§ **Your assignment**
Within the entries below, please retype exactly the lines starting with the line that has "You can add" and going on through the line that has "This is Mrs.", but not the pictures.

(Provided data begins)

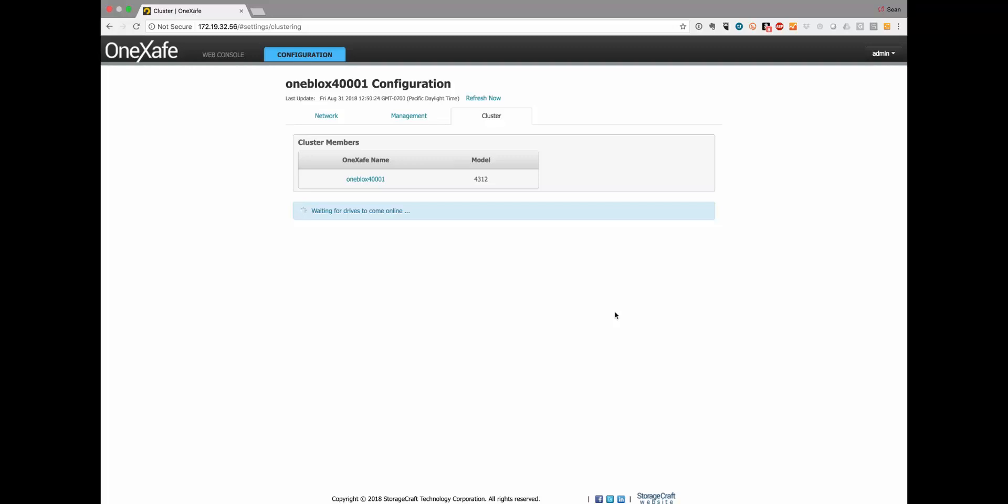That's as easy as it is to enable encryption at rest. Thanks for watching, and check out storagecraft.com support for additional how-to videos.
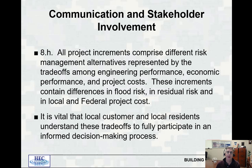The risk framework is comprised of three separate pieces. The risk assessment piece, which is where your engineering performance, economic performance, and project costs are developed. Then there's the risk management piece, which is where your managers talk to one another and make decisions about how to proceed forward. And then there's the risk communication piece, where the managers, engineers, customers, and local residents talk with one another to assure that everybody understands the trade-offs between alternatives, so it's an informed decision-making process.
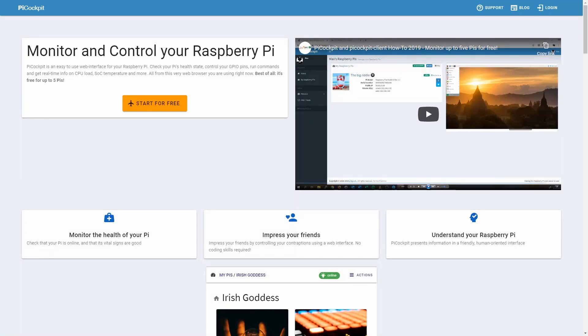Welcome to Pi Cockpit. Pi Cockpit is a web interface to monitor and control your Raspberry Pis. You can use it for free for up to five Pis. This video is a tour through Pi Cockpit. Let's get started.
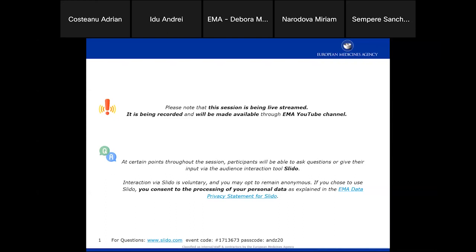Good afternoon everybody. We are ready to start — thank you very much for joining our SPOR API webinar. My colleague Adrian will walk you through the presentation. A few housekeeping notes: this session will be recorded, so if you do not agree with this you are free to leave. The recording will be published on EMA's YouTube channel in about 60 days. For questions, we will use Slido — you can see the event code and passcode in the footnote.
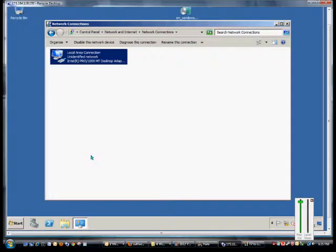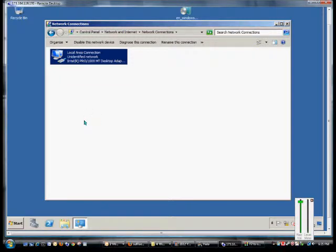We are in Windows 2008 Server. I'm going to show you how to enable TCP/IP version 6. Sometimes it gets disabled either on purpose or by accident, and you want to re-enable it for certain functionality.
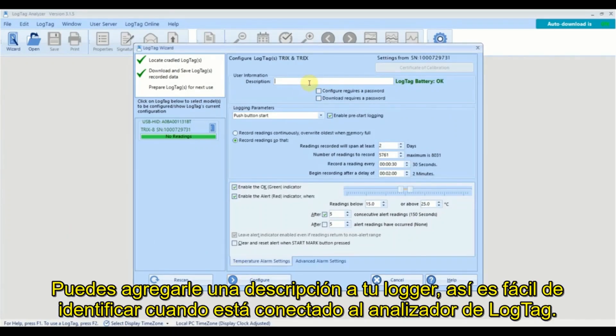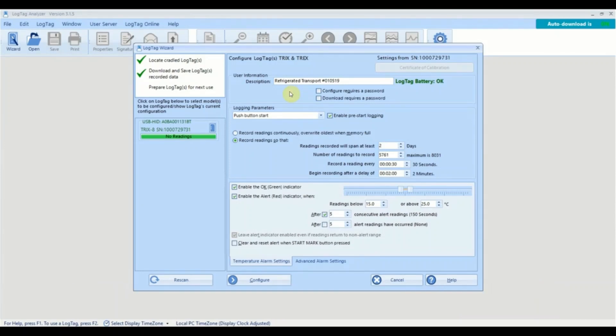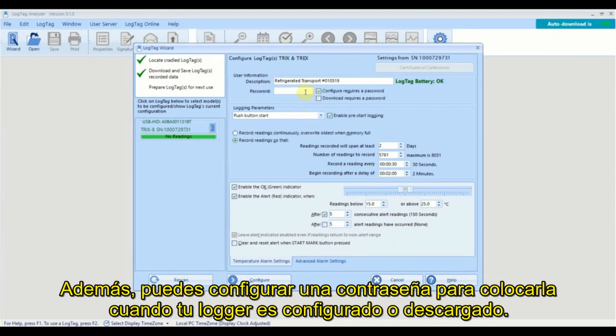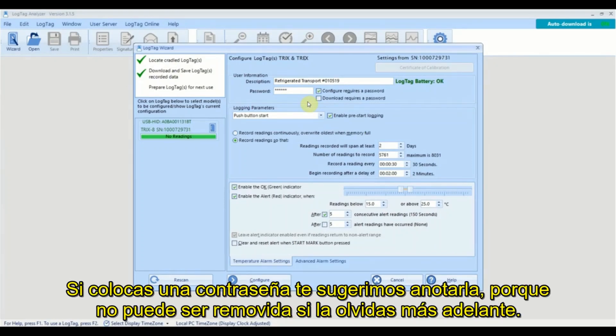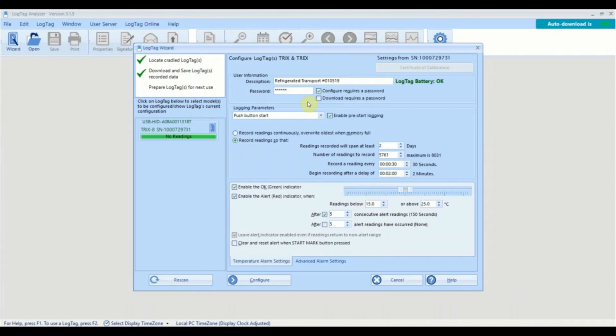You can add a description for your logger so it's easy to identify when the logger is next connected to LogTag Analyzer. You can also set a password to be entered when your logger is next configured or downloaded. If you set a password, we strongly recommend writing it down as it can't be removed if you forget it later on.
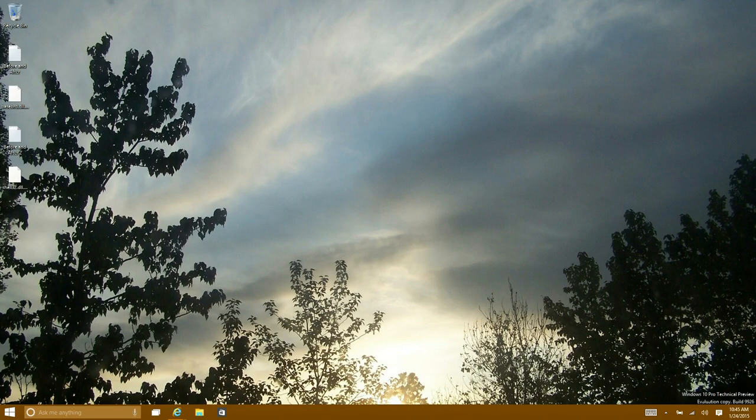Hey guys, Windows ATM Hacks here and I'm going to be showing you how to remove the Windows 10 technical preview watermarks.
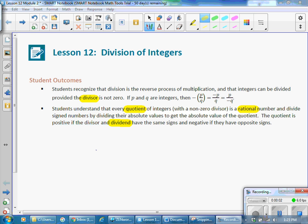This is Mrs. Appiah with Lesson 12, Division of Integers from Module 2. Student outcomes for this lesson.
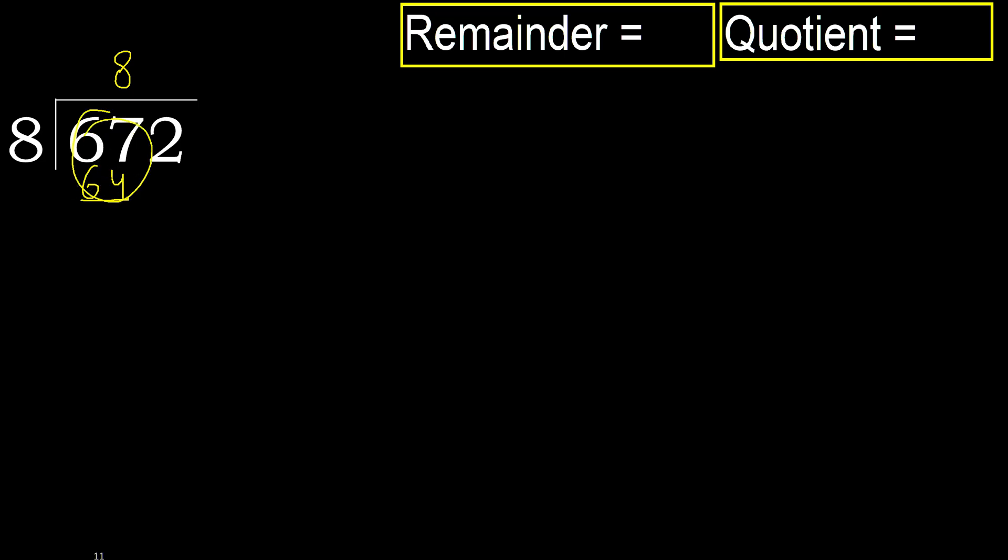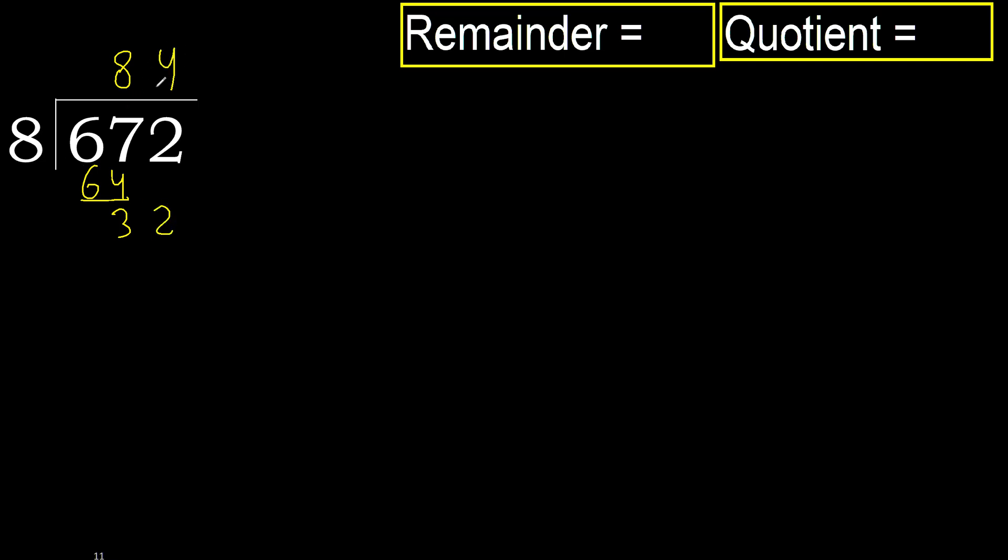Ok. Subtract 67 minus 64, 3. Next 32. 8 multiplied by 5, 40 is greater. 8 multiplied by 4, 32 is not greater.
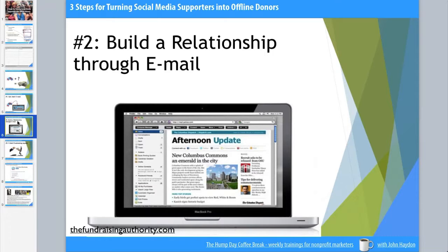The second goal is to use that email address to build a relationship. Once somebody gives you their email address, start by sending out a regular e-newsletter from your nonprofit — at least monthly, though more often if you have more to say. It should be well-written, mission-based, and easy to read. Your e-newsletter should form the backbone of your online cultivation efforts. You've moved people from social media followers to someone you can actively reach out to in their email inbox every month.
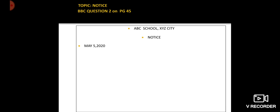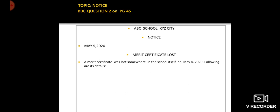Next, leave a line and give a suitable heading to the notice. A merit certificate was lost somewhere in the school on May 4, 2020. Following are its details. A merit certificate holds very minimal details, so we are putting up as many as we can recall. The first detail is what it was awarded for — you may write first, second, or third position; I have mentioned first position here.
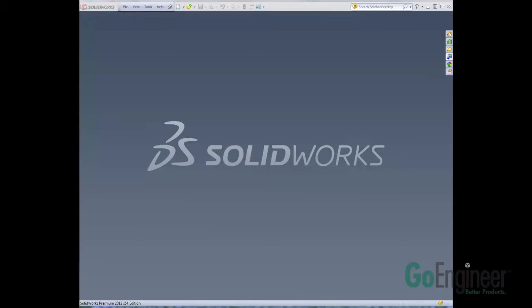My name is Brandon Martin. I work tech support with GoEngineer. Welcome to another episode of Quick Tips.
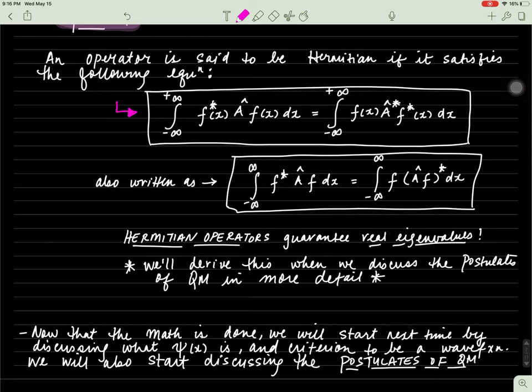So now that this is done, next time we'll start discussing what psi of x is. Right now we discussed operators. Now we'll actually start discussing: what is psi of x? How do you write it out? And we'll also start talking about the postulates of quantum mechanics.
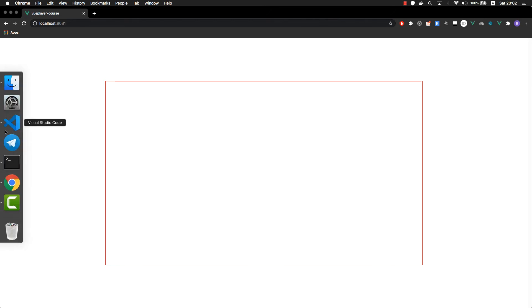I think you are wondering what will happen if we uncomment the video element and put it inside the sizer. Let's check it out. You can see that the sizer is using padding, which pushes everything inside it to the bottom. So how are we going to fix that?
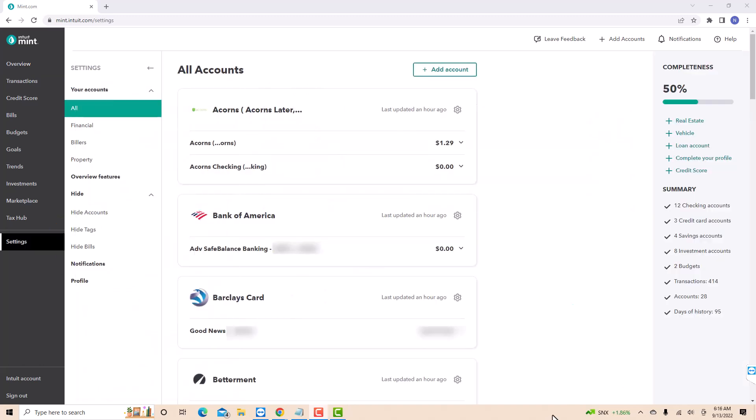On this page, you will see the list of your accounts. To proceed, click on the gear icon beside the account you wish to remove.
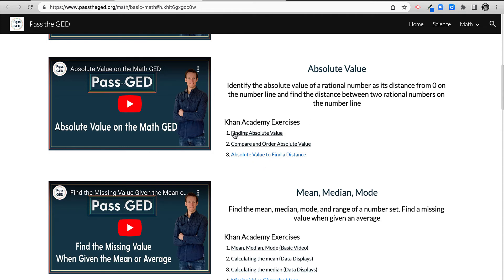For example, if this is the GED level one, number three, these ones help you build to that.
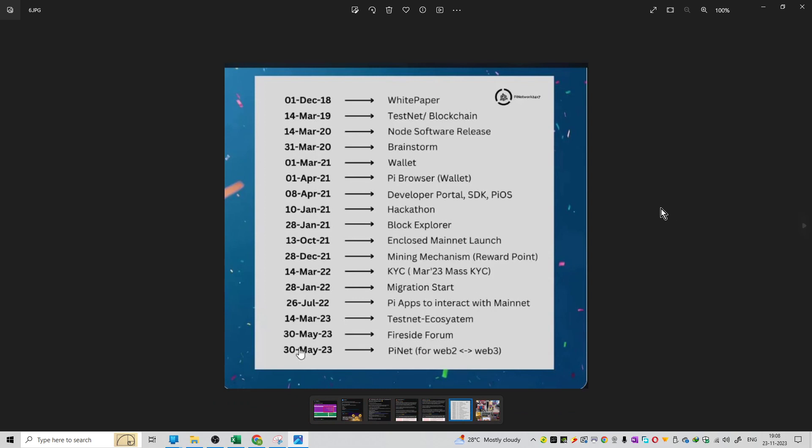You can see the timeline of developments on Pi Network. Their white paper was launched, testnet came, node software was released, brainstorming happened, wallet integration happened, Pi browser launched on April 1st, developer protocol launched, hackathon was conducted, and blockchain explorer launched.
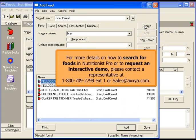For more details on how to search for foods in the Nutritionist Pro database or to request an interactive demo, please contact a representative.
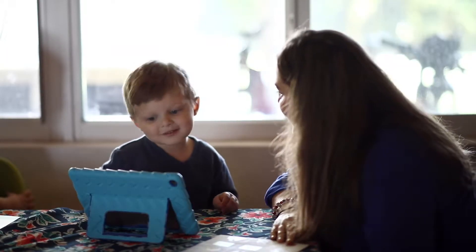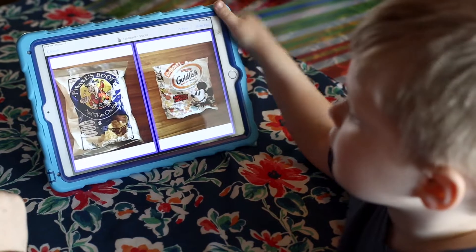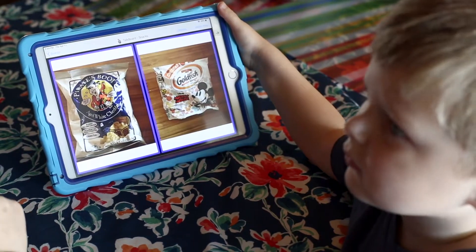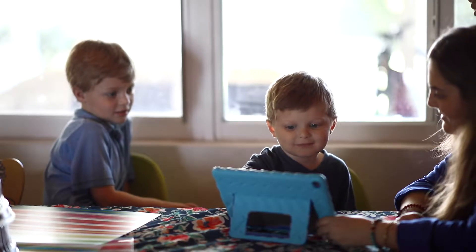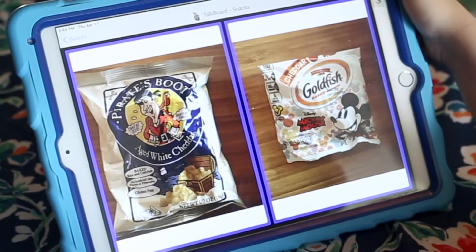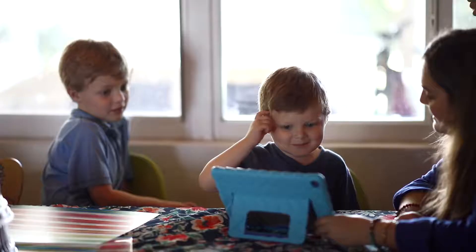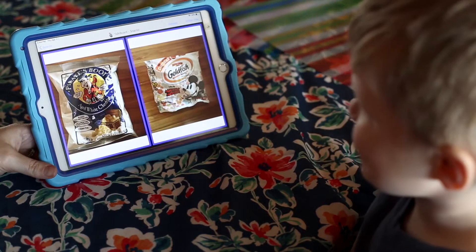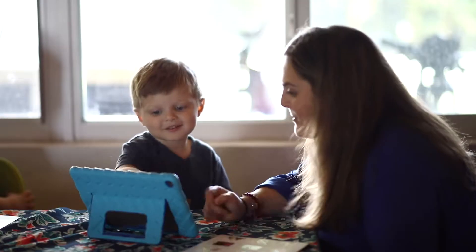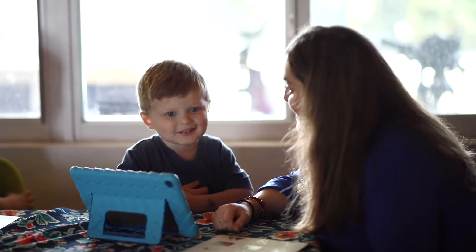Dylan uses a simple two-option communication board. To teach Dylan how to use his communication board to comment, Dylan's mom gives him several snack options. Then she lets Dylan pick his response, offering some wait time so Dylan can process and think about the communication interaction he just witnessed and ultimately choose his intentional response.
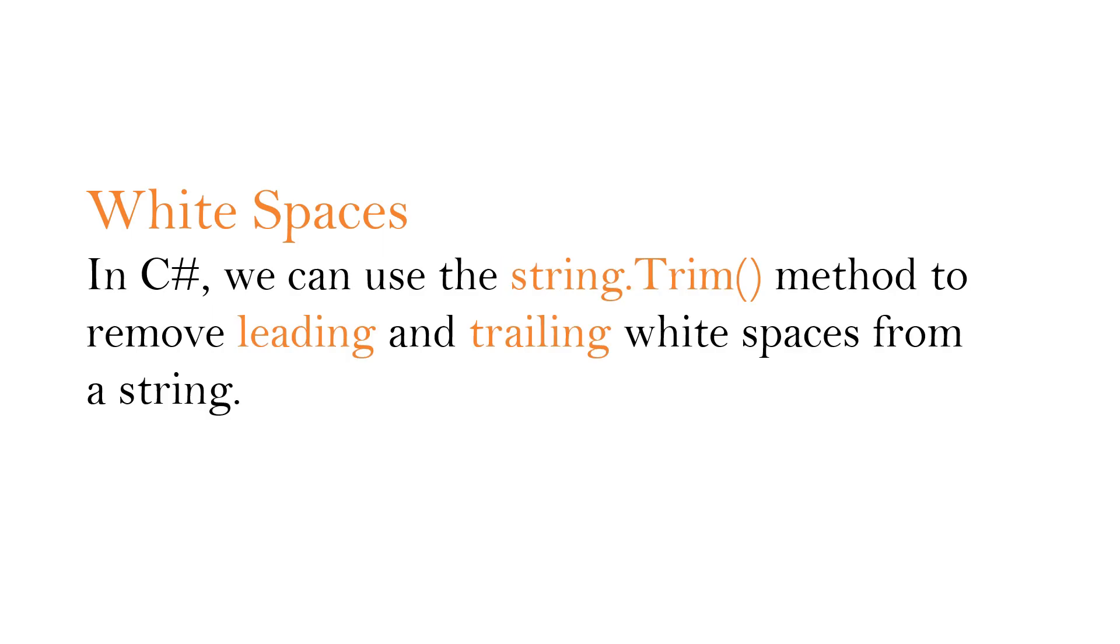In C-sharp, we can use the trim method to remove leading and trailing white spaces from a string. Let's understand it with a practical example.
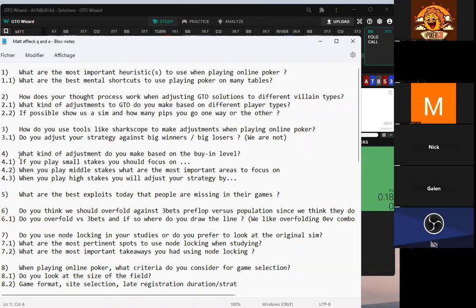If somebody's playing small stakes, what should they focus on most? Just work relentlessly on the fundamentals — pre-flop and flop play. Don't focus on fancy stuff. Learn how to check-raise effectively, play from the big blind, play from the button. Build on the fundamentals in really high-frequency situations: button, small blind, big blind, and playing flops and turns from those positions.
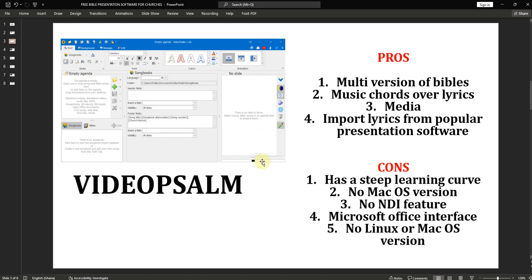You are also able to project chords over lyrics in Video Psalm. It is an all-in-one software — everything is in Video Psalm. Everything you need as a media person or presenter for your church is available here: bringing in videos or camera, you can use Video Psalm to do everything that EasyWorship can do, ProPresenter can do, MediaShout can do, and other non-free presentation software.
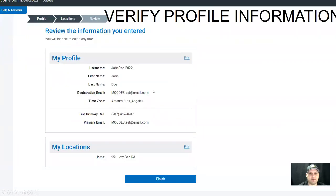Confirm that your information is correct. If it is incorrect, you can make changes by selecting edit. If the information is correct, select finish.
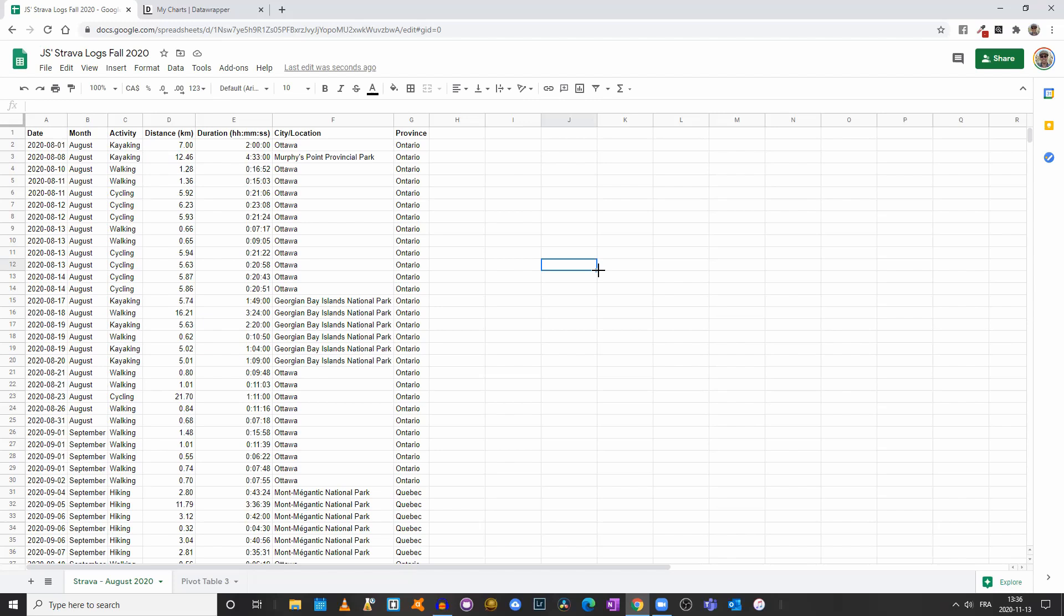So in the first video, we used my Strava log for August to create a basic chart or graph showing the total distance per activity. So we had kayaking, walking, cycling, and a total distance.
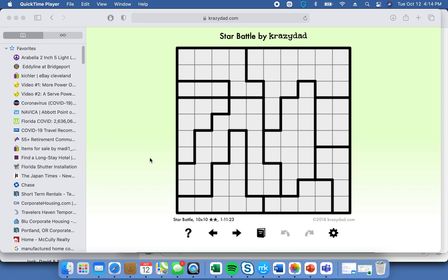As you know the rules: you need two stars in each row, two stars in each column, and two stars in each diagram. No star can touch another star — it can't be adjacent to it, whether it's up, down, or diagonally.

(Provided data ends)

§ **Answer to this problem**
You can add a description for your logger so it's easy to identify when the logger is next connected to LogTag Analyzer. You can also set a password to be entered when your logger is next configured or downloaded. If you set a password, we strongly recommend writing it down as it can't be removed if you forget it later on.
Hey guys, Windows ATM Hacks here and I'm going to be showing you how to remove the Windows 10 technical preview watermarks.
This is Mrs. Appiah with Lesson 12, Division of Integers from Module 2. Student outcomes for this lesson.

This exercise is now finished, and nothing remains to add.